Tipificação penal de "facção criminosa": A proposta inicial criava o crime específico de "facção criminosa", mais estruturada que organizações comuns, com domínio territorial, econômico e atuação interestadual ou transnacional, visando enquadrar facções e milícias – considerado o cerne do projeto. Derrite removeu isso e inseriu "domínio social estruturado", com 11 condutas, como uso de violência para controle de comunidades, restrição à circulação de pessoas e bens, ou ataques a presídios. O governo prefere a tipificação original por ser mais clara e adaptada à realidade.
Confisco de bens: No parecer de Derrite, bens de criminosos só podem ser confiscados após o fim do processo judicial. A versão original permitia isso desde o início da investigação para sufocar financeiramente as quadrilhas. "Colocamos no projeto que essas facções perdem os seus bens a partir do momento que começa a investigação. No relatório isso só vai acontecer só depois do trânsito em julgado da sentença condenatória e você corre o risco de não capturar esses bens", explica Gleisi.
Técnicos do Ministério da Justiça, ao analisar a terceira versão do texto, concluem que a votação deve ser postergada: Não tem a menor condição do projeto ser votado da forma que está. Você pode acabar colapsando o sistema penal e prisional, o que vai beneficiar o crime organizado afirmou o secretário Nacional de Assuntos Legislativos da pasta, Marivaldo Pereira.

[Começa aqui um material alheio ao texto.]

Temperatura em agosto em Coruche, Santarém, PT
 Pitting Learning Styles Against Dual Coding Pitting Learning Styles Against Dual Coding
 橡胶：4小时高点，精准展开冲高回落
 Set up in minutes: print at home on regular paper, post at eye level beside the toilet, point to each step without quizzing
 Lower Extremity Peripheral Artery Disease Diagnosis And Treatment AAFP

A equipe defende retornar ao texto original, que elevava penas para líderes de facções e reduzia para membros com bons antecedentes e sem comando. Atualmente, a pena de 20 a 40 anos aplica-se a qualquer integrante, sem mitigantes. O projeto também impede "anistia, graça, indulto, fiança e livramento condicional" para suspeitos desses crimes, o que pode elevar a população prisional.